Di un tale intervento si è reso responsabile in primis il Direttore dei Musei Civici Veneziani, Giandomenico Romanelli, committente del restauro, che ha affidato a Giuseppe Brusa, storico dell’orologeria, e Alberto Gorla, fabbro mantovano noto per aver condotto altri lavori su orologi di grandi dimensioni. Non sono stati consultati altri specialisti, né sono state chieste ad altri valutazioni alternative: nessun altro potenziale restauratore è mai entrato nella Torre per visitare l’orologio nel periodo che precedette il restauro per valutarne l’opportunità e le modalità. Soltanto Brusa e Gorla, scelti senza alcun vaglio critico di ciò che realmente andavano proponendo, in virtù di una loro presunta autorevolezza senza pari in Italia, per esplicita ammissione di Romanelli.

Per contro, l’opposizione agli intenti sommariamente trasformativi da parte di Alberto Peratoner, gli valsero la completa quanto silenziosa esclusione dall’operazione.
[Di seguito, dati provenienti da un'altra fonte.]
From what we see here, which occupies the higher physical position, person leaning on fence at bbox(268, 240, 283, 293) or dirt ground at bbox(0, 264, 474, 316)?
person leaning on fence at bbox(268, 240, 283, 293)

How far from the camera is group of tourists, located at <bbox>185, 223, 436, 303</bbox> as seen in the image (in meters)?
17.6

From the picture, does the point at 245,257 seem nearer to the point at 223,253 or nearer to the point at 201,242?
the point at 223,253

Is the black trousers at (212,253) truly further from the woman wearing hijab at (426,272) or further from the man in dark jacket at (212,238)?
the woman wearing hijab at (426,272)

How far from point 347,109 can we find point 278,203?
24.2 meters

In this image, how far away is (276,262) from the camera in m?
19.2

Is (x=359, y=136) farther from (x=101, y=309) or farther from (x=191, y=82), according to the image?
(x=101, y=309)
Poco importa che egli fosse la persona che aveva seguito, curato, e con ciò conosciuto in dettaglio più di chiunque altro l’Orologio stesso, per oltre dieci anni. Poco importa che egli godesse del patrimonio di esperienza su quell’Orologio accumulato dalla sua famiglia in ottantadue anni complessivi. Poco importa che quella competenza avesse ricevuto, negli anni precedenti, l’apprezzamento dello stesso Romanelli. Poco importa, infine, che con ciò si commettesse una colossale assurdità: Peratoner andava ignorato, la sua competenza vanificata, e l’unica cosa che premeva soltanto era la sua uscita dalla Torre, uscita che non mancò, e che fu per lui, a quel punto, una vera liberazione.

Era il 30 marzo 1998.

Ne è passato del tempo, e Peratoner nel frattempo ha scritto un libro sull’Orologio, il primo dopo centoquarant’anni, col quale ha ampiamente dimostrato non solo la propria competenza scientifica sull’oggetto, ma anche - senza parlarne direttamente per non imbrattare il libro - l’inconsistenza e l’assurdità di quanto era avvenuto col restauro.
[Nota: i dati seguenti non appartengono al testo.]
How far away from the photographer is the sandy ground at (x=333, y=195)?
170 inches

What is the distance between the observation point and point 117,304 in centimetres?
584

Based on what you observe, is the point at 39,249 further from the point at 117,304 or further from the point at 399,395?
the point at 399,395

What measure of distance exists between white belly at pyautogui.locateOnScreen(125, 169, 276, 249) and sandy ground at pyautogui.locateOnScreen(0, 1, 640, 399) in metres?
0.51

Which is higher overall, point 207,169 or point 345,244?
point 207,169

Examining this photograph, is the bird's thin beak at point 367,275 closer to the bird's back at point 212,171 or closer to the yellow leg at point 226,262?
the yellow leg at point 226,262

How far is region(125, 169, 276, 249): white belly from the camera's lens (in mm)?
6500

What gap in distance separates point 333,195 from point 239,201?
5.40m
Recentemente, specialisti di alto livello e organismi di levatura internazionale come il British Horological Institute hanno raccolto le osservazioni e le critiche mosse dallo stesso contro il restauro come del tutto pertinenti e sostenuto a loro volta l’erroneità dell’operazione.
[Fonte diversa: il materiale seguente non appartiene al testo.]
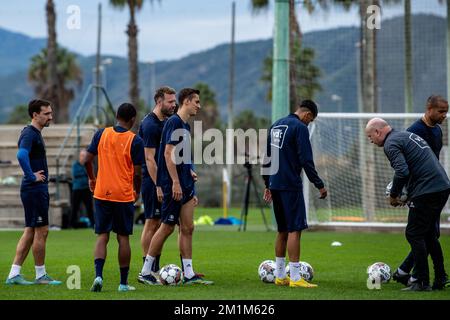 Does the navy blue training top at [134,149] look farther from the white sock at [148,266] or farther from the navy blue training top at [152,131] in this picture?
the white sock at [148,266]

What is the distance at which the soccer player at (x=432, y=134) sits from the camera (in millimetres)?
11328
Ora Peratoner è qui a scriverVi, ad informarVi dell’accaduto, affinché si sappia quale grado di incoerenza si sia riusciti a raggiungere nella strategia di conservazione dei beni artistici e storici. Egli vi offre la sua testimonianza diretta e competenza, ma non Vi chiede, tuttavia, di essere creduto sulla fiducia o su un principio di autorevolezza che non intende neppure accampare, ma sulla base della sensatezza e dell’attinenza alla realtà di quanto sostenuto; sui contenuti, in altre parole, inequivocabili e oggettivi, contenuti che non dipendono da lui più che da altri, se non per il modo col quale ve li esporrà.

L’Orologio può e deve tornare tale e quale era prima delle ultime indebite trasformazioni.